Reproduce exactly only the lines from the line that holds "Framed Lakeside Morning" to the line that holds "Royal Sleep King", inclusive, in the listing below, and please leave out every picture.

- [DATA TO USE]:
▽

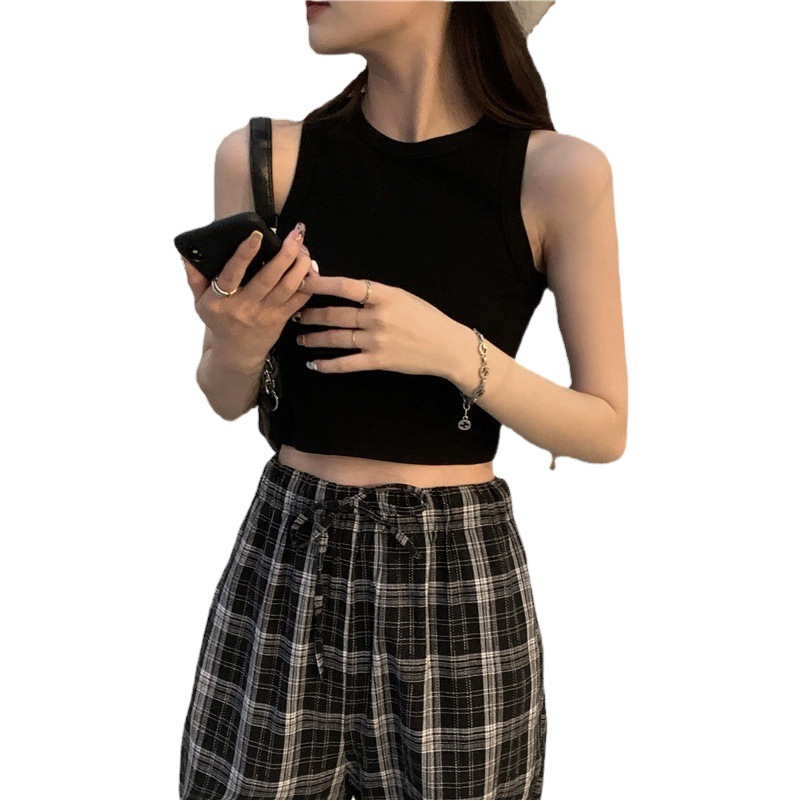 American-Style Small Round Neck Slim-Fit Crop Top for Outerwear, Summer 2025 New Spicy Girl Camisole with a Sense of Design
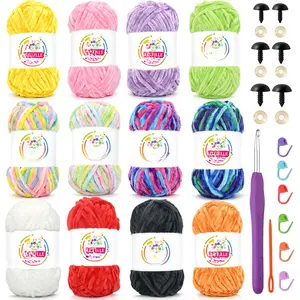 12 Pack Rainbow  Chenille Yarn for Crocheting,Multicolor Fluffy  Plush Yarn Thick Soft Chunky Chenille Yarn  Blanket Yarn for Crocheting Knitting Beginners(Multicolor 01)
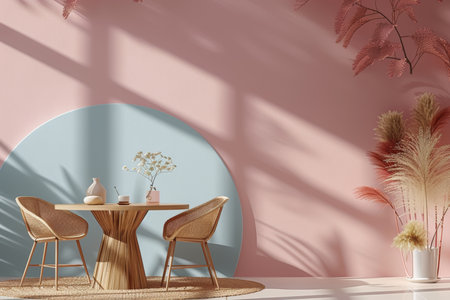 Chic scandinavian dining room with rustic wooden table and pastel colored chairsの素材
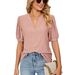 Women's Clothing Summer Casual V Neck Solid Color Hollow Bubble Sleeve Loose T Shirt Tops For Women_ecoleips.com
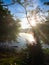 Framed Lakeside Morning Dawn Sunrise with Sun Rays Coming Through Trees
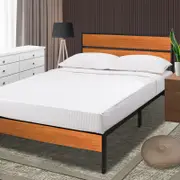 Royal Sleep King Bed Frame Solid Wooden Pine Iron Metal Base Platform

△
▽

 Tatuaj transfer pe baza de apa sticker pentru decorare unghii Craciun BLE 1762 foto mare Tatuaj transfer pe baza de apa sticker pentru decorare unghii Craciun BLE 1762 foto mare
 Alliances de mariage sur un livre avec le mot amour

△
▽

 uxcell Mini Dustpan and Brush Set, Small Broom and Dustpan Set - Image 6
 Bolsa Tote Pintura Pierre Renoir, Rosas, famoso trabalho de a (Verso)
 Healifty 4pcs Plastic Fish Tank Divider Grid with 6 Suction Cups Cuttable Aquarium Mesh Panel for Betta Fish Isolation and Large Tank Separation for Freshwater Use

△

- [REPLY TO THE TASK]:
 Framed Lakeside Morning Dawn Sunrise with Sun Rays Coming Through Trees
 Royal Sleep King Bed Frame Solid Wooden Pine Iron Metal Base Platform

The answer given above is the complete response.